Over the years, I made some modifications to this basic sauce. I like a bit more heat, so I added some chocolate habanero or Scotch bonnet chilies. You have to cut them in half or puncture them so they will fill with the vinegar and not float. I also like some more savory seasoning to the sauce, so I added black pepper, Mexican oregano, and tomato powder. I make tomato powder by drying either small cherry tomatoes or the skins and residue from canning tomatoes and then grinding this to a powder in the blender.
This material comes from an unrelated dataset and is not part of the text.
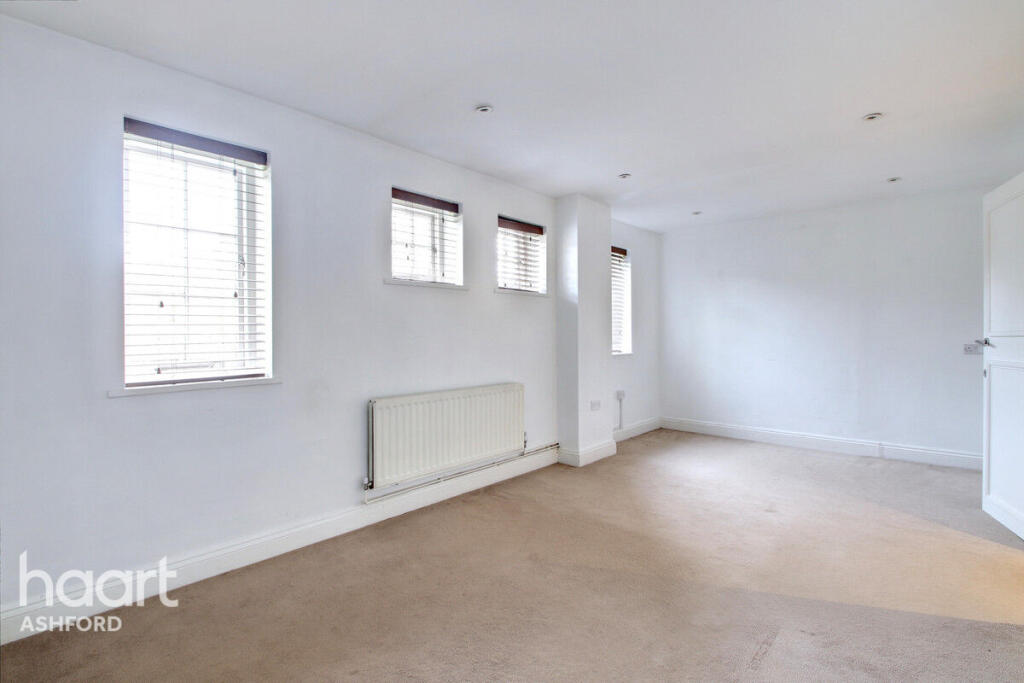 Main image of property: High Street, Charing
To smoke the peppers (I prefer serranos for this, but you can use what you like), I just lay them out on a rack and stick them in the smoker. This works when I am cooking barbecue and the temperature is about 250F in there. I let the peppers get a thick layer of smoke over about 2 hours. I thin finish them in the dehydrator (you can do this in the oven, too.) Sometimes I put peppers in the smoker when I have it set up for cold smoking (e.g., when I am smoking bacon or cured sausages.). In this case the temperature is under 100F, and the peppers can be in there for a very long time, even overnight. Either way, finish them in the dehydrator or oven until they a fully dried.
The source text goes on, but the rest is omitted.